Le mandorle sono frutti secchi che fanno molto bene alla salute e un consumo moderato quotidiano è consigliato per apportare preziosi Omega3, vitamine del gruppo B, vitamina E e vari sali minerali. Un motivo in più per provare a coltivarle, qui di seguito una veloce guida che spiega come fare, dalla messa a dimora alla raccolta, passando per la potatura e per la difesa da patologie e parassiti.
L’albero di mandorle
Il mandorlo (Prunus dulcis) è una pianta potenzialmente molto longeva, nell’aspetto assomiglia al pesco, anche se ha foglie più piccole rispetto a questo. Fa parte della famiglia delle Rosacee e, all’interno di questa, al gruppo delle drupacee. Il frutto è una drupa composta da una parte esterna (mallo) e semi, che sono appunto le mandorle.
Originario dell’Asia, quest’albero si diffuse nell’antica Grecia, poi nell’Impero Romano e successivamente, con le invasioni arabe, cominciò a diffondersi in tutto il bacino del Mediterraneo. Con la scoperta delle Americhe, venne portato anche fino lì, e in pratica oggi è diffuso ovunque possibile.
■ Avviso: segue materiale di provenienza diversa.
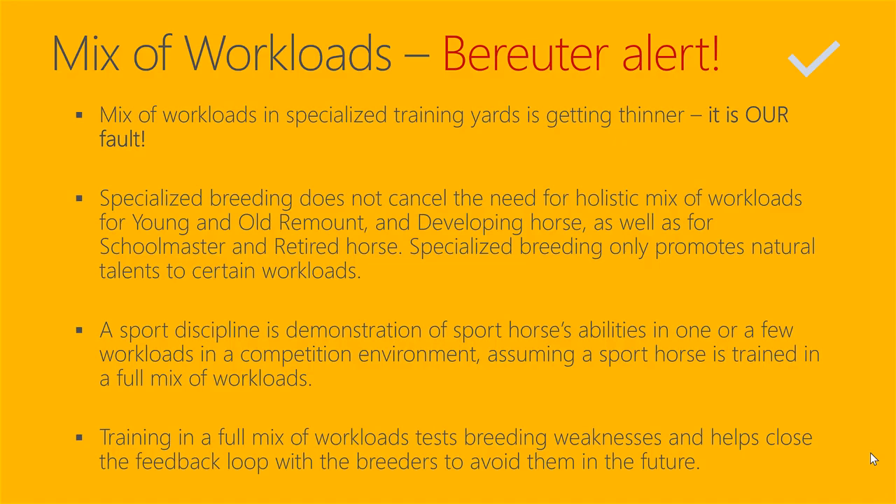It does not mean that if a horse is bred for endurance, you do only 30 days of breaking and then only endurance on trails. It doesn't mean that if a horse is bred for jumping, you just start jumping and that's all you do. Specialized breeding only promotes natural talents to certain workloads, but the horse still needs to be exposed to all 16 workloads to develop holistically in all dimensions and have the highest chance to graduate as a developing horse that is healthy.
Fino agli anni ’50 l’Italia deteneva il primato mondiale della produzione di mandorle, soprattutto in Sicilia, dove la “mennulara” era la figura di raccoglitrice manuale di mandorle, e anche in Puglia. In seguito abbiamo perso questo primato a causa dell’arrivo di produzioni molto più competitive dagli Usa e dall’Australia, ma il nostro clima e i nostri ambienti possono permetterci buone produzioni di mandorle e dovremmo coltivare questa specie puntando sulla qualità.
Come e dove piantare un mandorlo
Prima di tutto scopriamo le caratteristiche pedoclimatiche necessarie a coltivare le mandorle, quando abbiamo deciso se e dove cominciare la coltivazione andremo a vedere come piantare il mandorlo, con un occhio alla scelta del portinnesto giusto e all’impollinazione, fondamentale per poter avere frutto.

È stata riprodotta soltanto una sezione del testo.